**PROBLEM TO SOLVE:**
Restate word for word the lines beginning with the one that contains "Mythic Divide (Fury" and ending at the bottom of the records below, both included.

**GIVEN INFORMATION:**

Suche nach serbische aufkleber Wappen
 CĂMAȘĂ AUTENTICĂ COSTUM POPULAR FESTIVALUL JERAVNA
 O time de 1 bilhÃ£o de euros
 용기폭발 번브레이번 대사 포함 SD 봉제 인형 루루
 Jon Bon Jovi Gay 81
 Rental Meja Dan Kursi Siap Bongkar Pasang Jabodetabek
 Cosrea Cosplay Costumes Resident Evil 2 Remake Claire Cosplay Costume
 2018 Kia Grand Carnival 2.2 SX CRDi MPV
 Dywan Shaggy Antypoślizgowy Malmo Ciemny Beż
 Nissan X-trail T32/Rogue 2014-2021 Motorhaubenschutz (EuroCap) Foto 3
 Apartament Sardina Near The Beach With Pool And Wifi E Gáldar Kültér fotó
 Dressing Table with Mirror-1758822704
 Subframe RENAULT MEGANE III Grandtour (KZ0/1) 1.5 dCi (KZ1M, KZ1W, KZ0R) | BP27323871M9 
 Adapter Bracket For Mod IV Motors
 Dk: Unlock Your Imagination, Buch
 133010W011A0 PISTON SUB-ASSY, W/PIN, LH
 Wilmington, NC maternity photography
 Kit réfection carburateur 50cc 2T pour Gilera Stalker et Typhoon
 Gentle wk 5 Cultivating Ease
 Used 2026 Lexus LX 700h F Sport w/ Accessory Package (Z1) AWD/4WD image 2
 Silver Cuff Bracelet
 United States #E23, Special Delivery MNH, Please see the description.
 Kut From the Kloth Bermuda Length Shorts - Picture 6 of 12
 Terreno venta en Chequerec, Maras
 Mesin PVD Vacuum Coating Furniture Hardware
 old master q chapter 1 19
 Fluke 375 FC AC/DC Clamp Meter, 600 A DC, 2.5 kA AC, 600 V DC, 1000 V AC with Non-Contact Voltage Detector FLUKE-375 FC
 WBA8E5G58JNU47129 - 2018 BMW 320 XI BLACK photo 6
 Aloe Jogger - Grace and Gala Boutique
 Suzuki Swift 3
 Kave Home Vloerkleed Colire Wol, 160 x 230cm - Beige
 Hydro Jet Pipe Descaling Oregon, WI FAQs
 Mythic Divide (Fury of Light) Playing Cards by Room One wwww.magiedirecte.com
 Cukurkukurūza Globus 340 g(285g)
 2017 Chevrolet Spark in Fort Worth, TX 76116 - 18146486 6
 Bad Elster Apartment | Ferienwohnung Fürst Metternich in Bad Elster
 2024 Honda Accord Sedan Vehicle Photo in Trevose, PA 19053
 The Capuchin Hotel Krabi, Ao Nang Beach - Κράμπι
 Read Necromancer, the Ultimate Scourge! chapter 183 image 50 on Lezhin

**EXPECTED ANSWER:**
 Mythic Divide (Fury of Light) Playing Cards by Room One wwww.magiedirecte.com
 Cukurkukurūza Globus 340 g(285g)
 2017 Chevrolet Spark in Fort Worth, TX 76116 - 18146486 6
 Bad Elster Apartment | Ferienwohnung Fürst Metternich in Bad Elster
 2024 Honda Accord Sedan Vehicle Photo in Trevose, PA 19053
 The Capuchin Hotel Krabi, Ao Nang Beach - Κράμπι
 Read Necromancer, the Ultimate Scourge! chapter 183 image 50 on Lezhin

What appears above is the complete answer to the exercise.